Short web captions:
--------

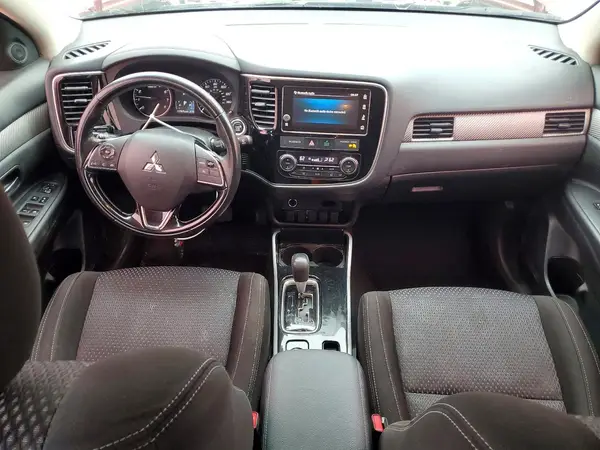 JA4AZ3A33JZ037216 2018 MITSUBISHI OUTLANDER - Image 8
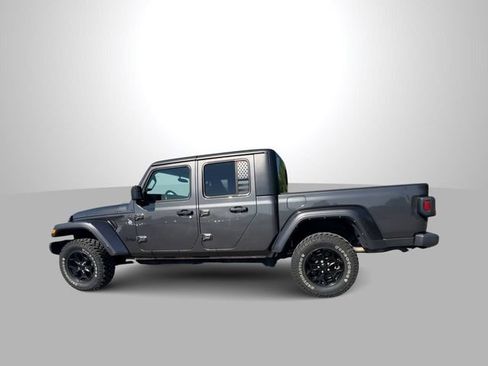 Used 2022 Jeep Gladiator Sport AWD/4WD image 3
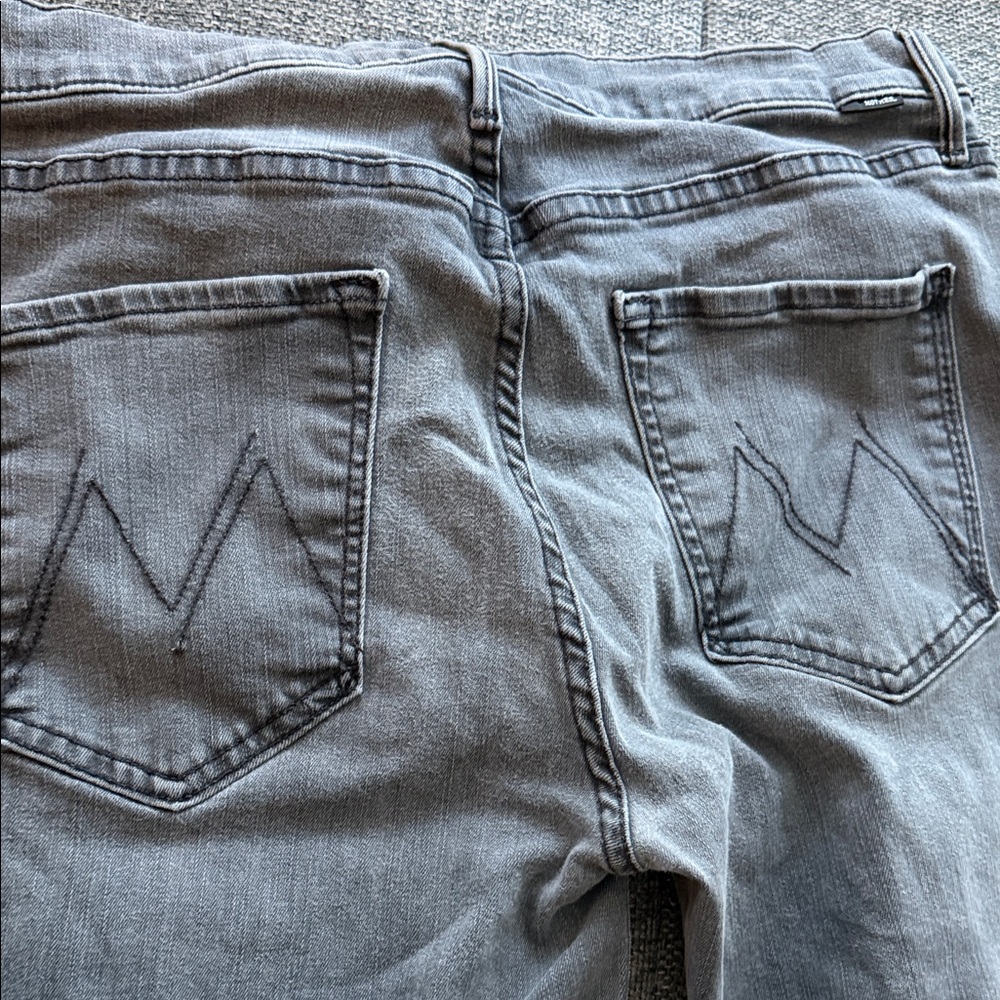 MOTHER Straight Leg Jeans in Charcoal - Picture 4 of 6
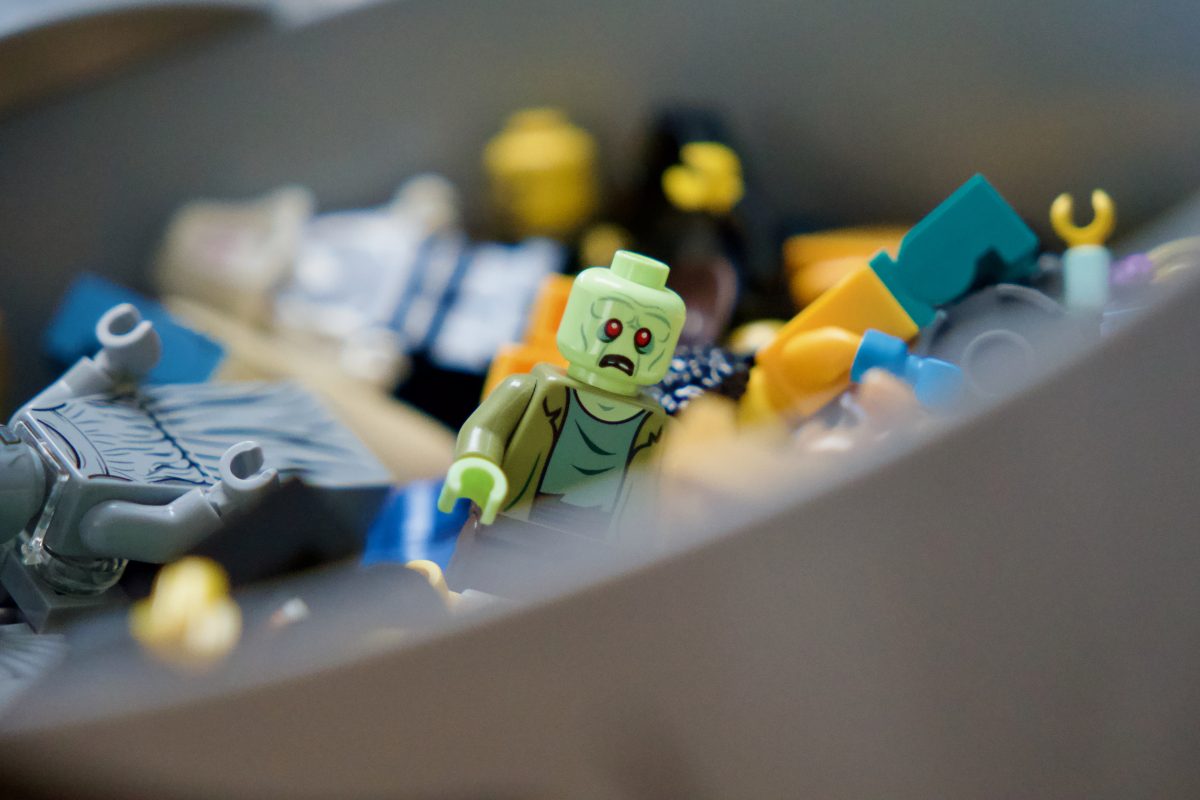 LEGO 5009862 Zombie-Aufbewahrungskopf – Kleine Rezension 7 1200x800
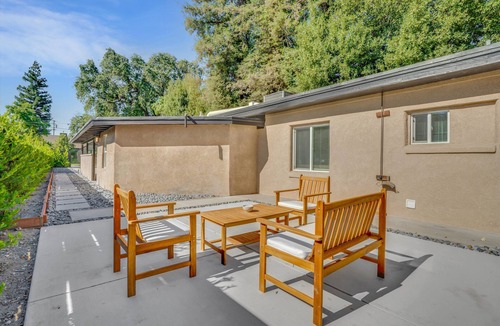 Modesto House | Mid-Century Modern | 2BR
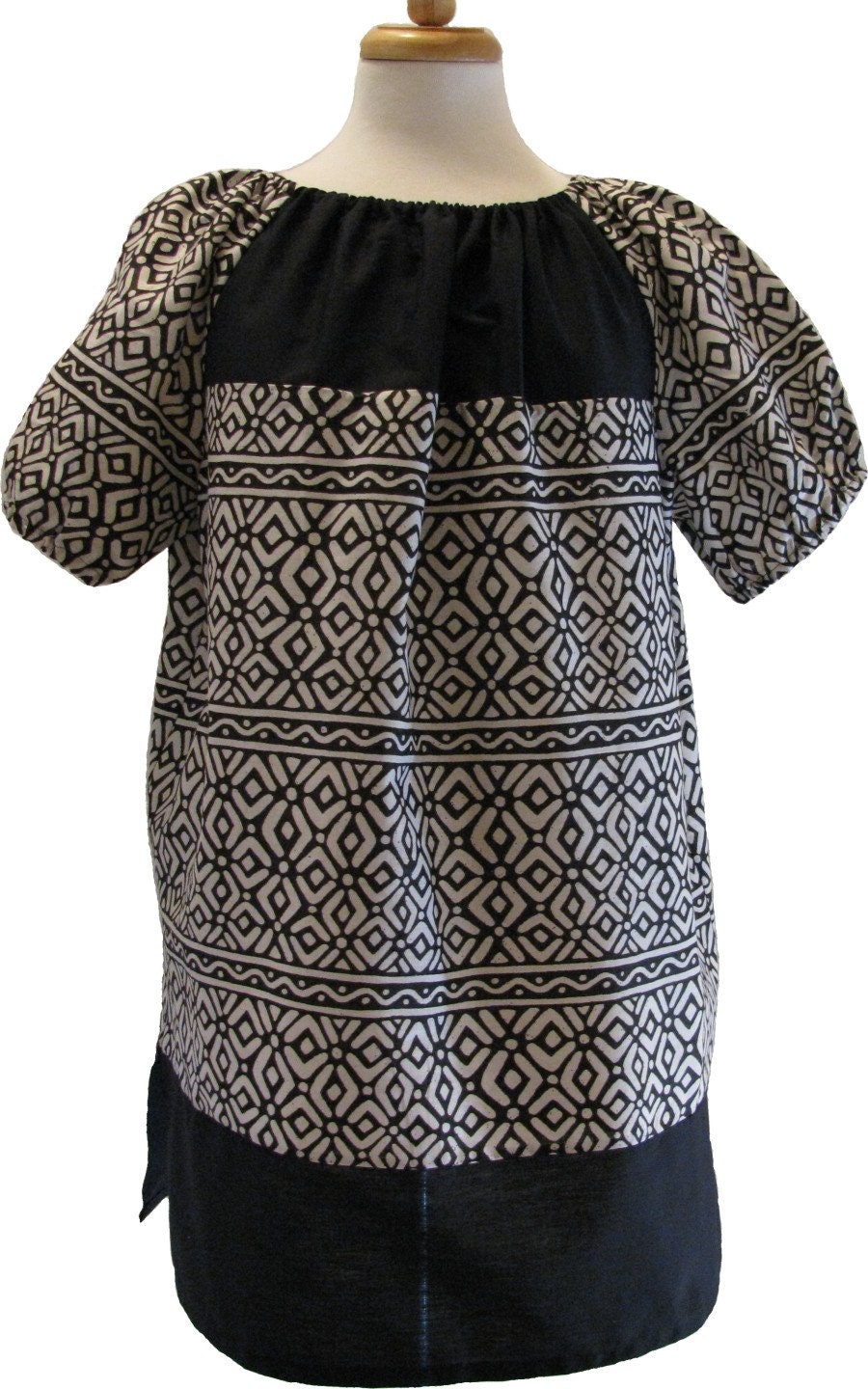 A-Maze Multi Pattern Peasant Top Size M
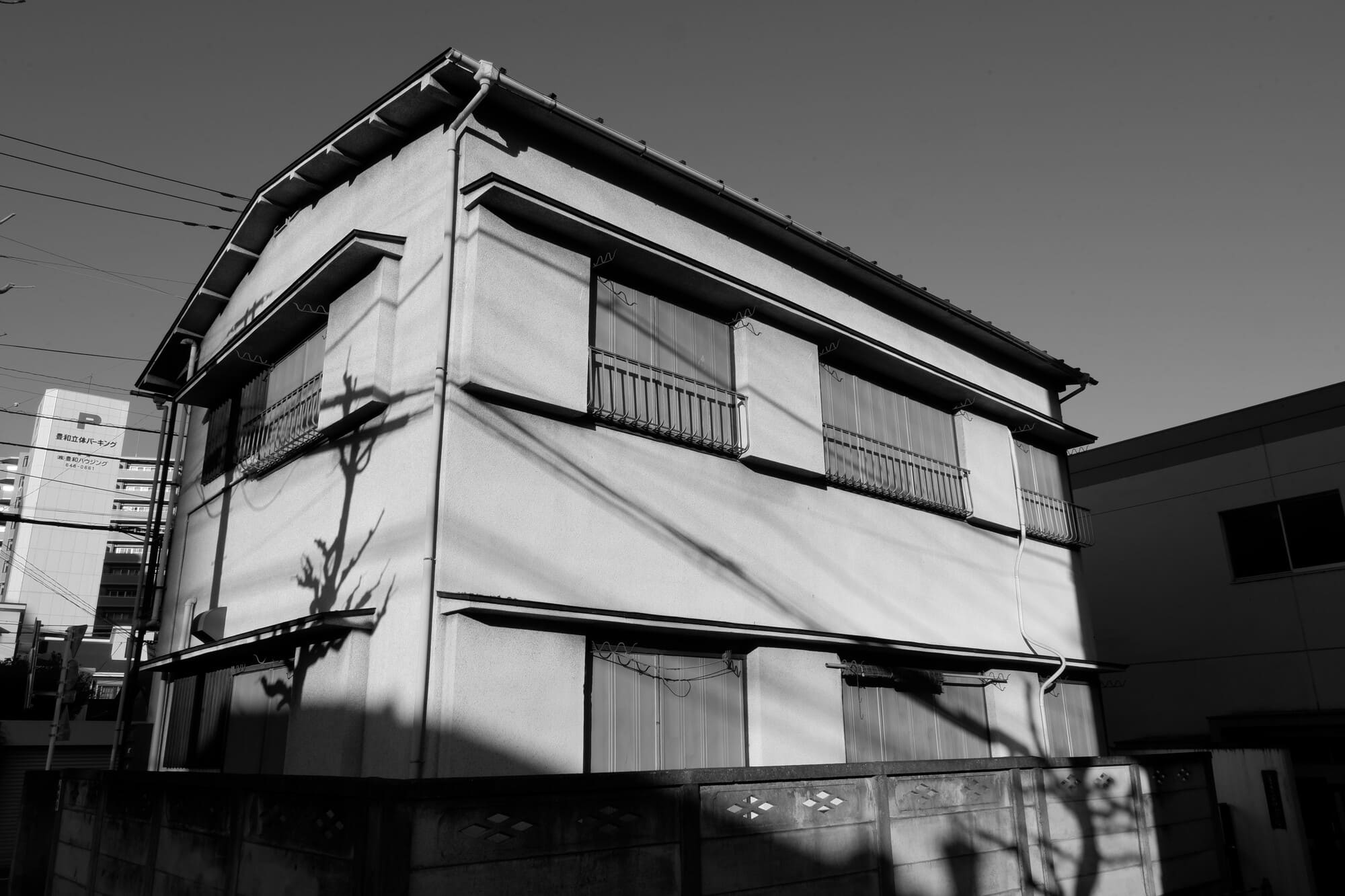 事故物件を連想させるアパート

--------

-- Exercise aim --
Omit the pictures, then extract verbatim only those lines that fall between the line containing "A-Maze Multi Pattern Peasant Top Size M" and the final line of the records above, both included.

-- Task output --
 A-Maze Multi Pattern Peasant Top Size M
 事故物件を連想させるアパート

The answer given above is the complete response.